写真41 上手館のアカマツ林 (細田浩提供)

北本市の東部は、大宮台地が元荒川の低地に接するところである。鴻巣市との市境には赤堀川が流れ、市境に沿って水田がひろがっている。現在その一部は埋め立てられ、工場のほか学校給食センター、総合グラウンド、中学校、高等学校など公共の施設が多い。ただし公共的地域としての環境はまだ整っていない。
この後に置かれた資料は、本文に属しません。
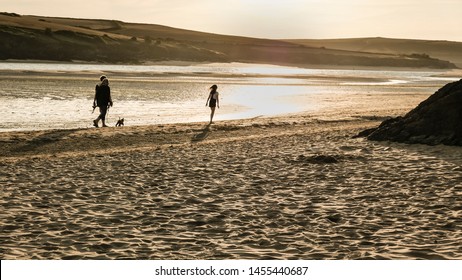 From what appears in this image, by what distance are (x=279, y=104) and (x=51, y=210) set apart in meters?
27.7

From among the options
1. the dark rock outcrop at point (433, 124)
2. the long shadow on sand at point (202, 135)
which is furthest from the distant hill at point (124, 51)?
the dark rock outcrop at point (433, 124)

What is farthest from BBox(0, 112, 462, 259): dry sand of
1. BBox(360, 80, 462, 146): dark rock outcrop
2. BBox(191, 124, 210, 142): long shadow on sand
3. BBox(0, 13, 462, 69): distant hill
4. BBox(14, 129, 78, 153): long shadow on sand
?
BBox(0, 13, 462, 69): distant hill

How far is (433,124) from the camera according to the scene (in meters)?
17.6

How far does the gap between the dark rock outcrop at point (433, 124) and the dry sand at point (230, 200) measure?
1.96 ft

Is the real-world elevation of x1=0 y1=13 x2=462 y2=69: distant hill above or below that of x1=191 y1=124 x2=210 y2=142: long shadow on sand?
above

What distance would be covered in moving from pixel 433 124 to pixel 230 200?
30.9 ft

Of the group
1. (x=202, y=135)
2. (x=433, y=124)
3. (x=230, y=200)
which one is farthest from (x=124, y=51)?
(x=230, y=200)

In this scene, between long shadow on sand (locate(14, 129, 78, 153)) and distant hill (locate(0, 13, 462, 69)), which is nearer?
long shadow on sand (locate(14, 129, 78, 153))

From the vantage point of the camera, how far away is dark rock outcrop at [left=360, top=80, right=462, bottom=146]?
16.8 meters

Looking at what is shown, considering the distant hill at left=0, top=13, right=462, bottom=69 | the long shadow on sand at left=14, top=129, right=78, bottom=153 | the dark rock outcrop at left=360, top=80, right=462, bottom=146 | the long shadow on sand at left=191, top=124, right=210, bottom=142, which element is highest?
the distant hill at left=0, top=13, right=462, bottom=69

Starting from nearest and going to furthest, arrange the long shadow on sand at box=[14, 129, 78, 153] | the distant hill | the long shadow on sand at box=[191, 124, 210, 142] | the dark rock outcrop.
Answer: the dark rock outcrop, the long shadow on sand at box=[14, 129, 78, 153], the long shadow on sand at box=[191, 124, 210, 142], the distant hill

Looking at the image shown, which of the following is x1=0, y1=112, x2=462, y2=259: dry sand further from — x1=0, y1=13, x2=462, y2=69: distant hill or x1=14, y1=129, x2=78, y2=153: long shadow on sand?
x1=0, y1=13, x2=462, y2=69: distant hill

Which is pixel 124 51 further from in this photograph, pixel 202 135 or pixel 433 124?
pixel 433 124

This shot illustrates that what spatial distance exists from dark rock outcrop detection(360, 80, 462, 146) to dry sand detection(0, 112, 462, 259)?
60 centimetres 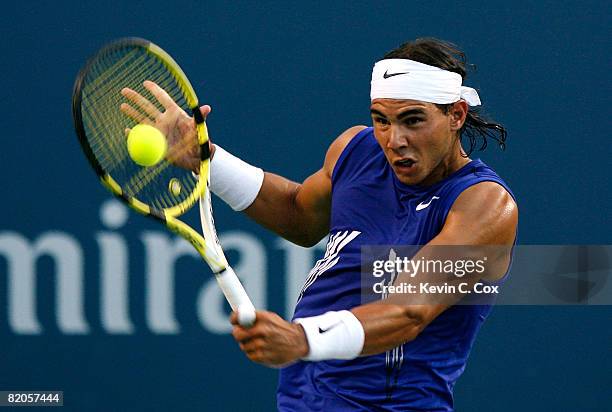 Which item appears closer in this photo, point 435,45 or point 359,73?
point 435,45

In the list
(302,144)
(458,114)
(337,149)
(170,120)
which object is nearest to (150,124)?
(170,120)

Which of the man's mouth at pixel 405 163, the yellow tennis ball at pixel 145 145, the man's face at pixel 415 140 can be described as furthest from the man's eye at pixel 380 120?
the yellow tennis ball at pixel 145 145

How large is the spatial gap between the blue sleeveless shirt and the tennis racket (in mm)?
406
県立北本高校西側の水田や休耕田にはチョウジタデやタカサブロウ、コナギなどが優勢を誇っている湿性植物群落がある。ここで貴重な植物はミズワラビ、ツリフネソウなどである。オギ、ヨシの群落にはホンシュウカヤネズミが多数生息し、川岸付近ではイタチが見られる。
上手館跡(古代・中世P三三六)と呼ばれる遺跡があった台地西縁にはアカマツ林がある。この林は最も樹高の高いアカマツと、これより少し低いコナラ、エゴノキ、アカシデなどの雑木林となっており、クサギやアカメガシワ、ゼンマイ、ヤブコウジなどもある。
市の東部は西部に比べて希少動植物は少ないが、公共的な土地利用が多いので、アカマツ林の景観と湿地植生のあるこの地域は、貴重な自然を生かす場所としてあげることができるだろう。